TASK DIRECTIONS — The data below should be copied out exactly, with its pictures omitted.

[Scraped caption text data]

_ _ _ _

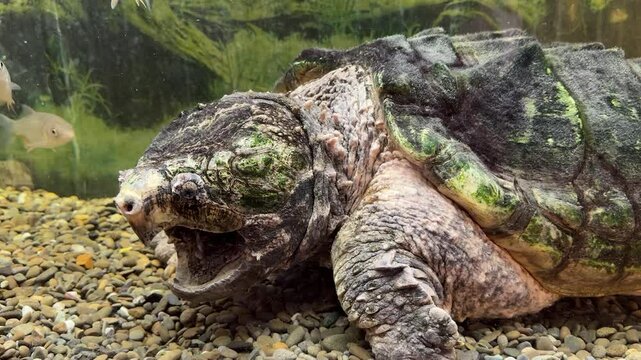 A large snapping turtle rests on a bed of pebbles in an aquarium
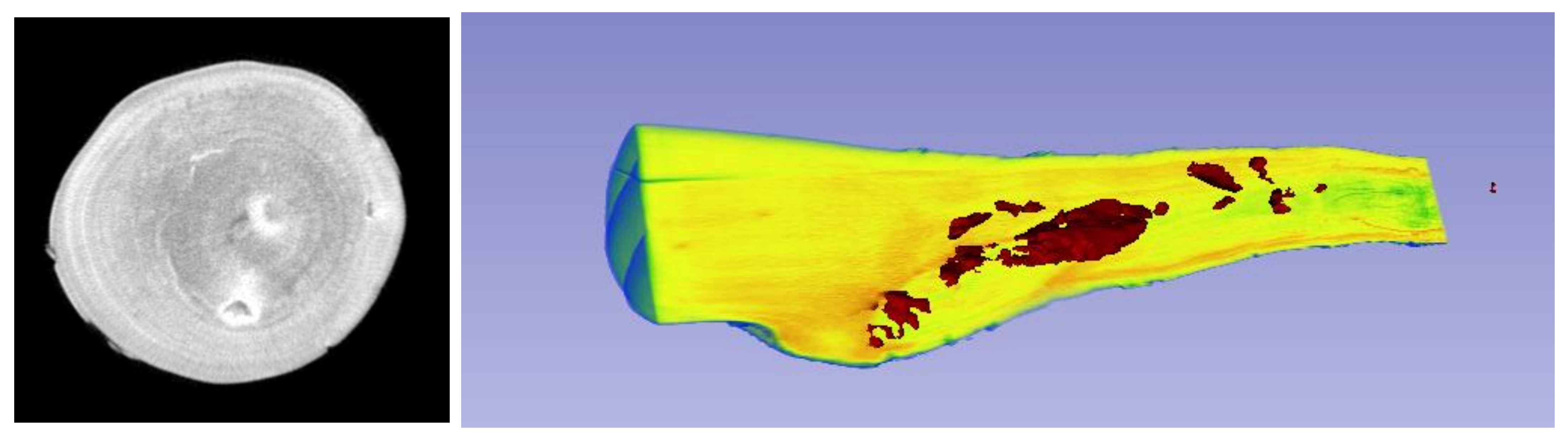 Forests 13 01042 g009 550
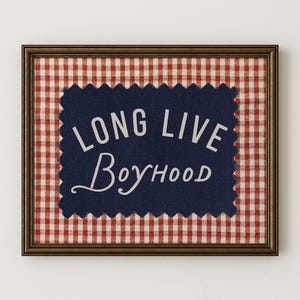 May include: Framed artwork with a navy blue fabric patch featuring the words "LONG LIVE BoyHOOD" in white script. The patch is set against a red and white checkered background, all within a brown frame.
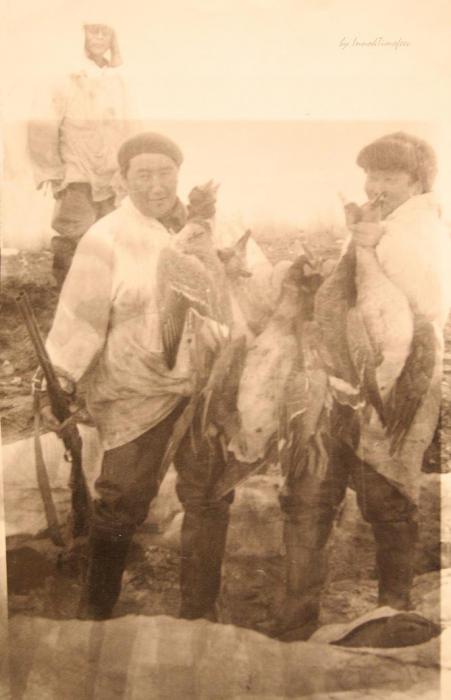 гусятники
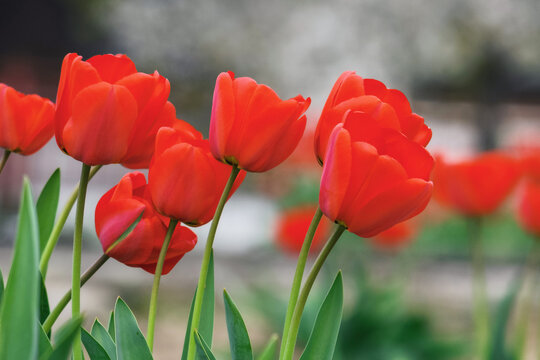 bunch of red tulips outdoors. beautiful outdoor composition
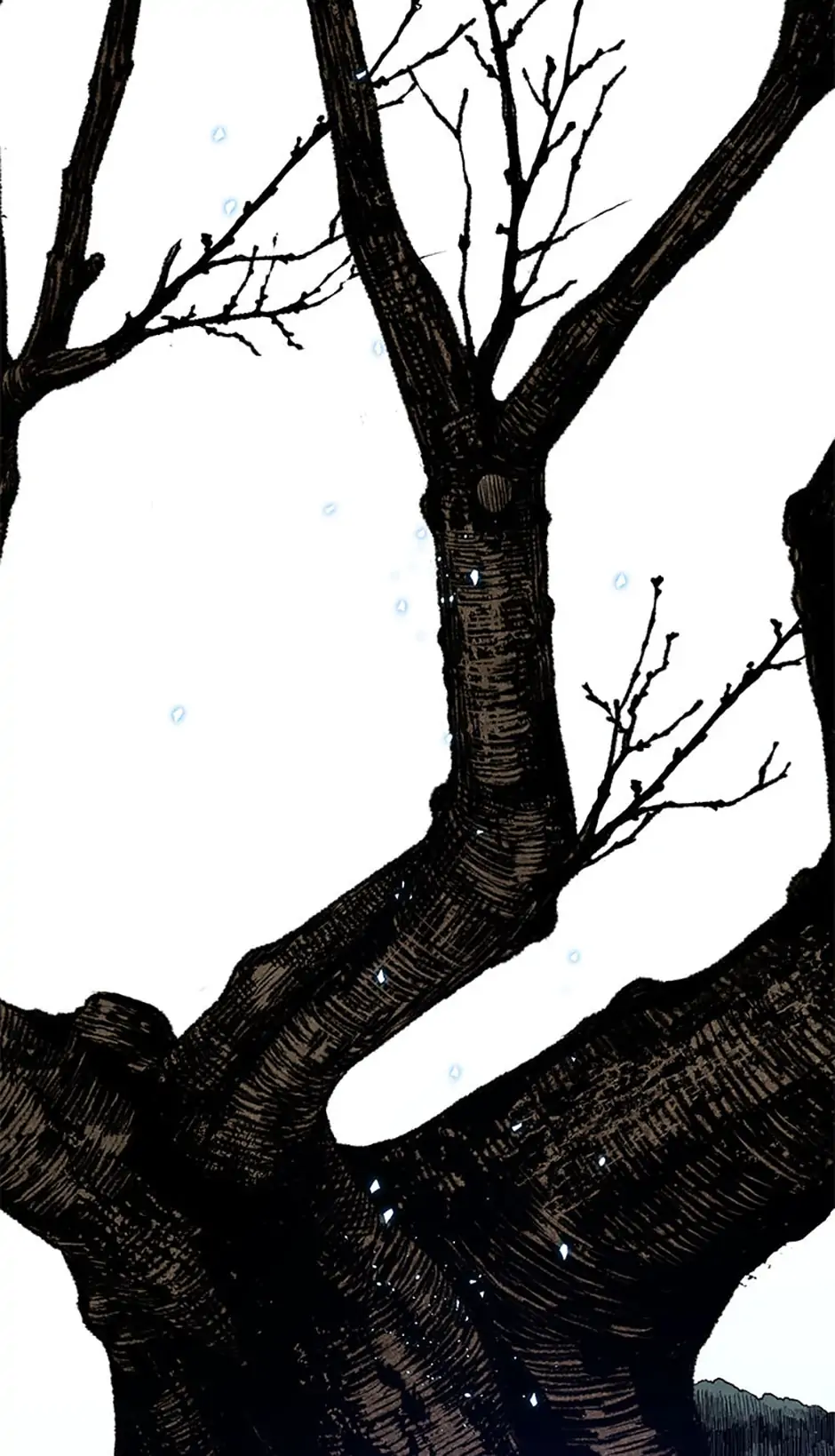 Shadow Garden Chapter 29 - page 43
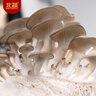 北蔬蘑菇种植包灰平菇家种可食用菌包 小号灰平菇菌包5个源头直发包邮 实拍图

_ _ _ _

TASK ANSWER —
 A large snapping turtle rests on a bed of pebbles in an aquarium
 Forests 13 01042 g009 550
 May include: Framed artwork with a navy blue fabric patch featuring the words "LONG LIVE BoyHOOD" in white script. The patch is set against a red and white checkered background, all within a brown frame.
 гусятники
 bunch of red tulips outdoors. beautiful outdoor composition
 Shadow Garden Chapter 29 - page 43
 北蔬蘑菇种植包灰平菇家种可食用菌包 小号灰平菇菌包5个源头直发包邮 实拍图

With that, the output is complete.